If some cheated me and remaining just maintain a classmate ship with me that means I am not close to them yet not so distant to them. It's like I always tries to talk to everyone, and everyone talks back to me with a smile. But when I stopped wishing they will forget about me. Let me give you a clear example.


When we went to any school trip, usually I am teachers' concern because I am the most who is isolated from group and beaten by teacher for separating from my classmates. I don't know too how I am getting isolated I am just roaming around them suddenly I got lost.


One day, I determined to find reason. On bus, as usually they were laughing at my jokes, and I am too laughing by seeing them laugh. But when we went to have trip, everyone was separated by groups and when I joined in a group, I am checking onto a picture fascinated by it. Suddenly I lost again this time. I searched frantically and found my group and they were laughing without even realizing I was not with them. I thought of joining with them thinking they might not have seen I have lost.

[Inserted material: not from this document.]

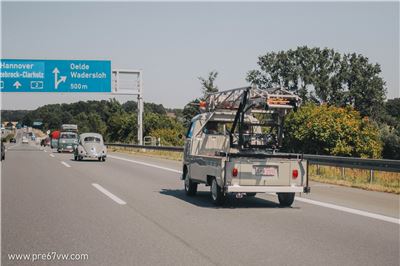 Split window ladder truck driving at BBT Convoy to Hessisch Oldendorf 2022 - IMG_1950.jpg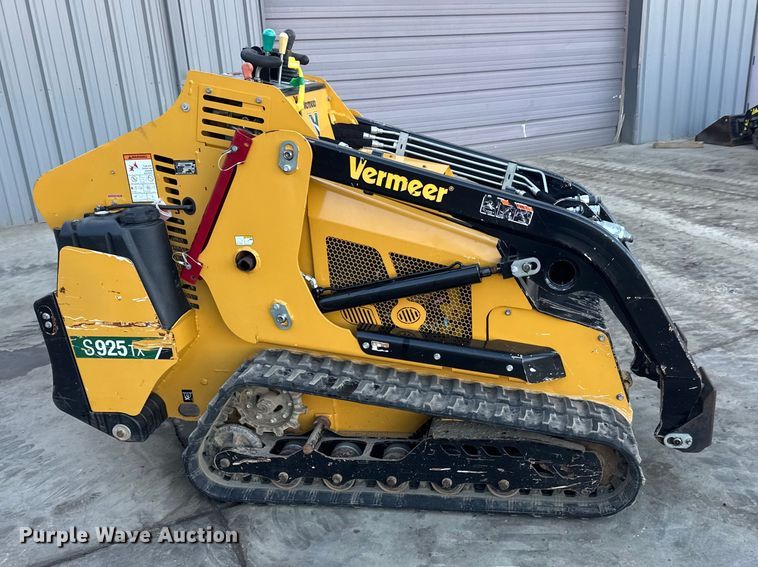image for item ET4488 2022 Vermeer S925TX compact utility loader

Suddenly a girl in group said, all were there right, and another girl checked everyone and said, 'Yes'. I was devastated knowing they did not even know I am person there with them. I have frozen at that moment. After some time, my feet got momentum but not too much. Teacher is counting students and realized I was lost again. She again scolded me and about to beat me again. But I was bawling my eyes out. She told me to sit seeing my condition. I started sitting at front but not in back where they were. They are still laughing but this time not by jokes. Then I understood I am just their timepass like toy. And crying on my way thinking about my unluckiness to find a friend.


When I reached home, I hugged my mother tight and crying. She got to know about incident, and she told me caressing my head, 'You think all of them as soulmates and wants them to treat you like you did them. It's not possible like that. Even if you did, they won't stay with you. '
I asked, 'why? Am I doing anything wrong? I want all of them to be my friends and be happy with me and be with me until end.'


My mother smiled me at me and said,' It's because humans have a curse. Only some won't have that curse. If they start to like people other than soulmates, they will be punished by God. Because God chose them very few soulmates whom they should be with, be good to them and have to stay until end. That's why your classmates behave like that. people like you are exempted from that curse.'


'There are some people in my class just won't be nice to any of us and they too did not have anyone friends like me. Are we same?', I asked her with subtle expression.


' You are not same. You are an angel whom God has exempted as he loves you more and wanted for himself as you are too good to everyone. Others are devil. God punishes them for behaving rudely and won't give them soulmates', mother gently told her.